# Cat loves to be IN refrigerator.



## crstroik (Aug 20, 2011)

Now this is a first for me. I've had counter surfers, beggars and other food brats, but Fred LOVES the refrigerator. I've tried spraying with water, saying NO!, can with coins. Once when he went in I closed the door for a minute thinking he would realize the door is closed and it would be a deterrent - I open the door and he is eating potatoes and purring!! Now I know to check to make sure he didn't sneak in any time I open the refrigerator door, but I worry he could sneak in when I am going to leave somewhere, or that someone else would (naturally:roll not think to check the refrigerator for a cat. Any suggestions would be welcome.


----------



## Cats&Plants (Aug 20, 2011)

Wow. That is unusual. Kisa and Logan did that once, but shutting the door was enough to curb them. I'd post a note for others to see to remind them to check the fridge for him, but other than that you've done all I can think of. I am sure someone here will have a brilliant idea for you .


----------



## hal1 (Jul 16, 2011)

If anyone has any ideas of how to keep my cat out of ANYWHERE he finds inviting, I'd like to know.

I've tried closing the fridge door for a minute ( I have to stand there 'cause I know if I walk away I'll forget) but it has no effect. If I accidentally close him in a closet he'll start to meow after about a half hour, and will casually walk out when I open it. My bengal is very brave, but very relaxed also.

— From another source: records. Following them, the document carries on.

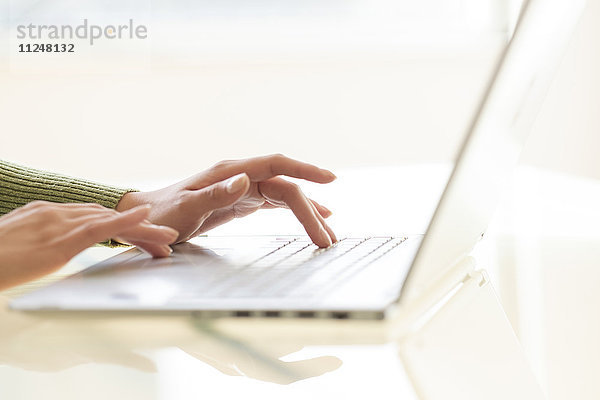 Hände beim Tippen auf der Laptop-Tastatur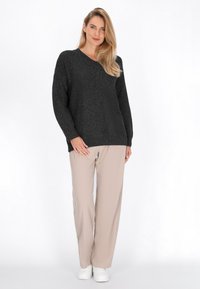 Luźny ciemnoszary sweter dzianinowy z dekoltem w serek, w zestawieniu z beżowymi spodniami szerokimi oraz białymi sneakersami. Miękka tekstura, casualowy design.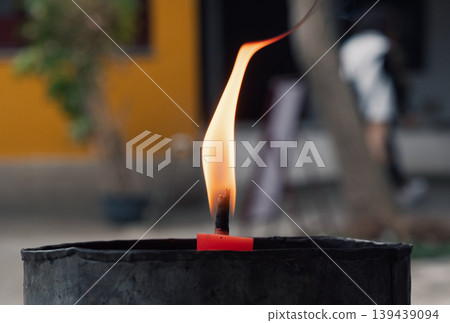 Flame burns from a candle in a holder at a street scene during daylight hours Flame burns from a candle in a holder at a street scene during daylight hours 139439094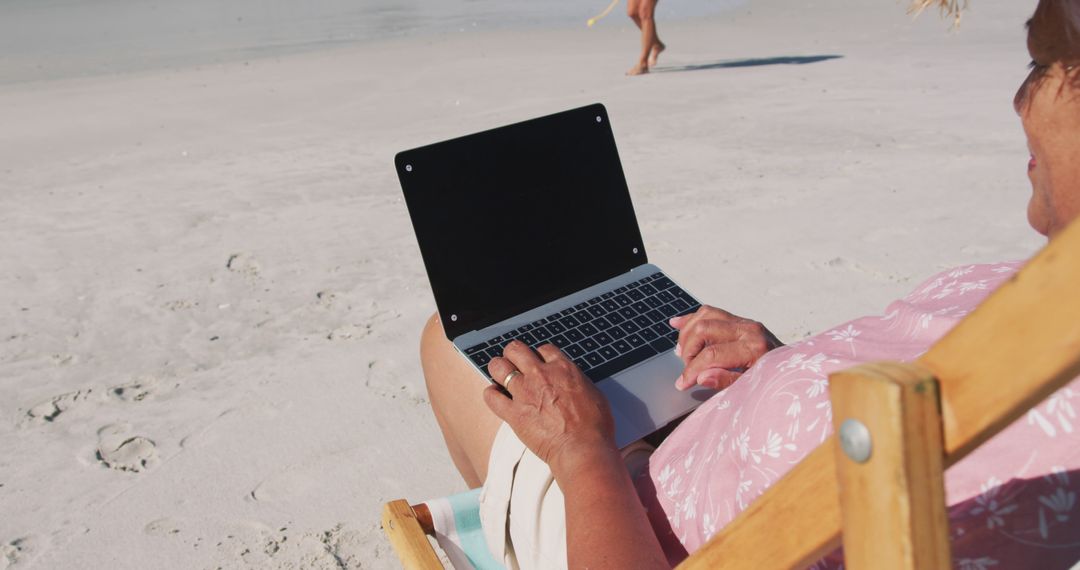 Senior Woman Relaxing on Beach with Laptop - Free Images, Stock Photos and Pictures on Pikwizard.com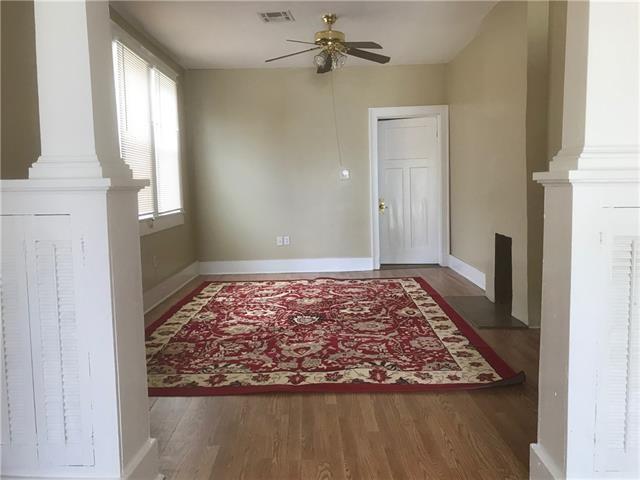 entryway featuring decorative columns, dark hardwood / wood-style flooring, and ceiling fan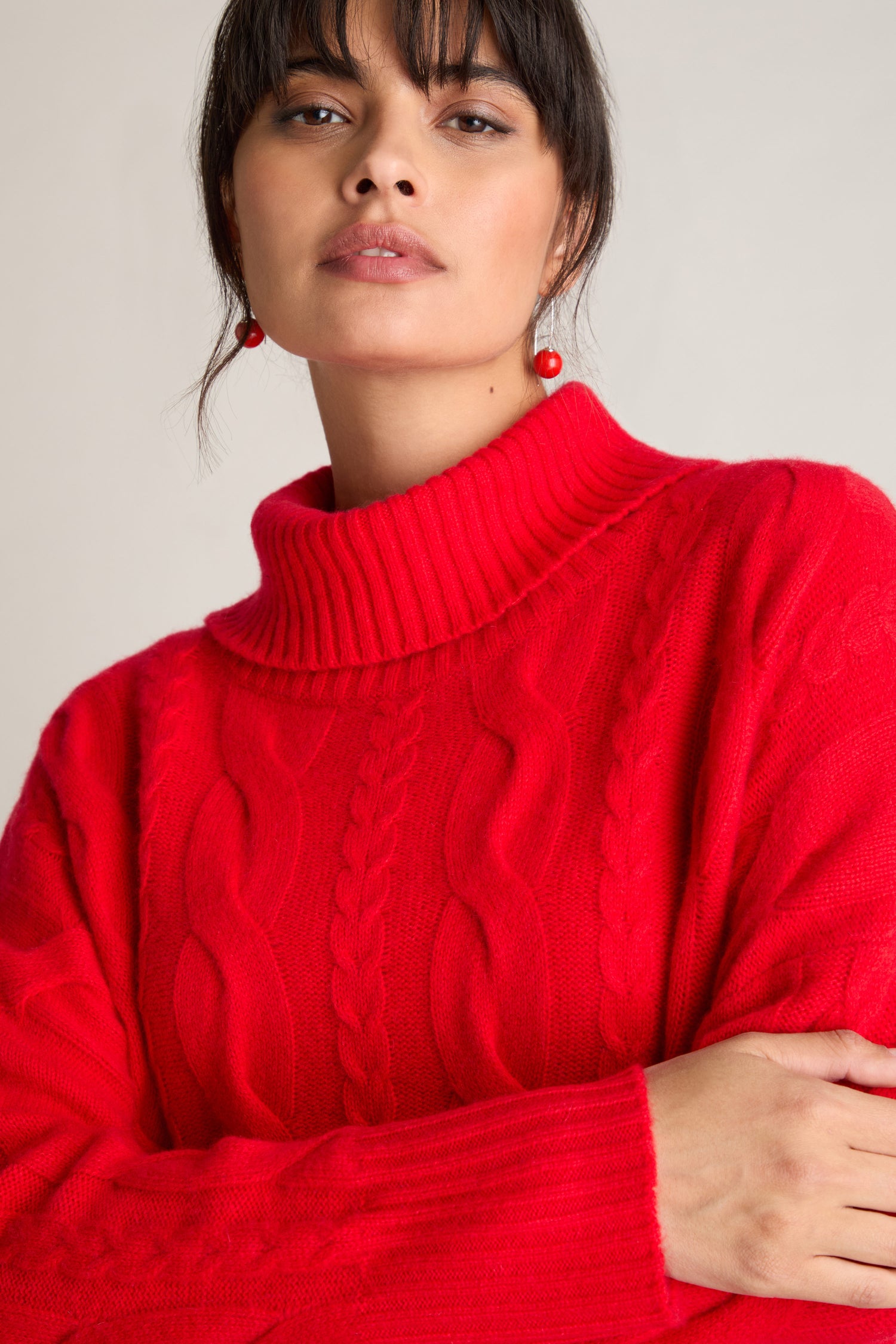 A person stands wearing a bright red Loose Cable Cashmere Knit sweater and red earrings, with a neutral expression, looking slightly off-camera.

FWIW, the less of a big deal I make out of it, the less he goes were he shouldn't. He'll still go where I don't want him to, but not with the same determination and zest.


----------



## yingying (Jul 19, 2011)

I got one fridge diver here too. My Metoo will take every chance to jump into the fridge whenever I open it. I never tried to train her not doing it though. I just pick her up and close the door. Yet she never dare to jump in fridge when my mom open the door. Only peeping. I guess she knows who is the boss


----------



## Goldtanker (Jan 9, 2011)

Another example of why cat behavior is beyond comprehension to me. I guess that's what makes them so interesting. BTW, here is Midnight, the wild cat, returning to the garage after a few hours in the giant refrigerator we call Minnesota. :wink:


----------



## Oriole (Jan 11, 2010)

Get a child lock. My boy opens and prowls all my kitchen cabinets while I'm at work, so I put simple child locks on all of them. Works like a charm


----------



## Kobster (Feb 1, 2007)

Ha! Ninja did that for the first year of his life! As long as he finds it rewarding, he will keep doing it. My new fridge doesn't have any shelfs at kitty level so food isn't immediatley available and he hasn't tried to crawl inside yet.


----------



## crstroik (Aug 20, 2011)

Goldtanker thanks for the picture! That does put it in perspective  I'm happy to hear that Fred is not the only fridge diver out there. I will have to get a child lock for the door.


----------